Let me break it down for you:

  • IP stands for “Ingress Protection
  • The first numeral or letter details the “Solid Particle Protection” (dust, dirt, etc.)
  • The second numeral or letter details the “Liquid Ingress Protection” (including water).

So, let’s take a look at the IP ratings on one of the products we’ve included on our list.

Our Best Overall pick, the Kayalu Kayalite Portable Bright White Led Kayak Light, has an IPX8 rating.

  • The “X” means there is no protection rating specified—in this case, there’s no protection against solid particle ingress (not that it’s needed because it’s going to be used chiefly on water).
  • The “8” means it’s protected against “Immersion beyond 1m”. The depth of immersion is then specified by the manufacturer—in this case, up to 1,000 feet.

See how easy that is?

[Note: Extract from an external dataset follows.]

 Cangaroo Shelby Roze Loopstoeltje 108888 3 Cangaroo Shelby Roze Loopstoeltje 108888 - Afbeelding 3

You can easily find the complete IP Rating Chart to help you know what level of waterproofing your kayak lights have at a glance. The higher the IP rating (particularly the second numeral), the better the waterproofing!

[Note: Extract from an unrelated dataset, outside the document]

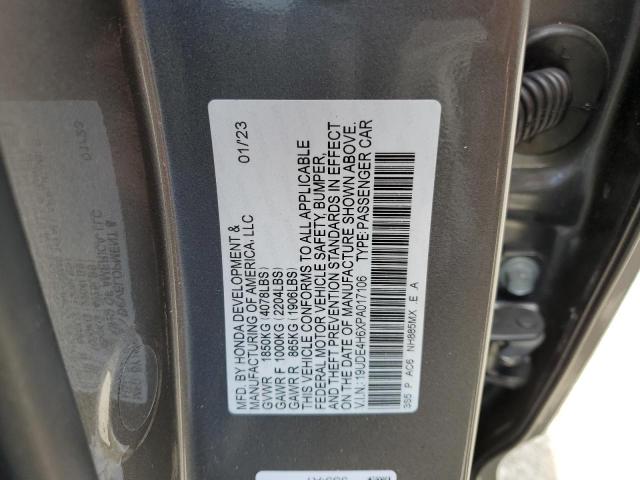 19UDE4H6XPA017106 Acura Integra A-spec Tech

Choosing Kayak Lights for Night Paddling: Factors to Consider

If you’re looking into buying kayak lights, there are a few things you need to consider:

Mounting Options

We explained the mounting options above, along with the various pros and cons of each. 

C-clamps may only be compatible with certain deck shapes.

Suction cups may not work on kayaks that are very dirty or damaged.

Track-mounted lights are only useful if you have existing gear tracks (or plan to install them yourself).

Drill-mounting your lights may damage your hull.

Consider which of these options you’re most comfortable with, and shop accordingly.

Light Output

Just remember: the higher the lumens, the brighter and more visible the light. However, powerful lights tend to be heavier and consume more energy.

Visibility Distance

Some kayak light manufacturers will opt for sharing how far away the light can be seen rather than detailing the lumen output. This is another good way to know just how visible the lights will be out on the water after dark.

Power Source

All kayak lights will be battery-powered, either with AA/AAA batteries or a built-in rechargeable battery.

Built-in batteries are convenient and eco-friendly but may be not enough on longer multi-day trips. They are also more expensive to replace if damaged, defective, or if they simply give out on you.

AA/AAA battery-powered devices are typically more expensive to operate, but there is the risk that opening the battery compartment to change the batteries could allow water to seep in (if you have to change batteries mid-paddle) and destroy the power supply.

Battery Life

This is definitely a critical factor to consider!

You certainly don’t want to have to change batteries mid-paddle just because your light ran out of juice—it’s both inconvenient and potentially dangerous.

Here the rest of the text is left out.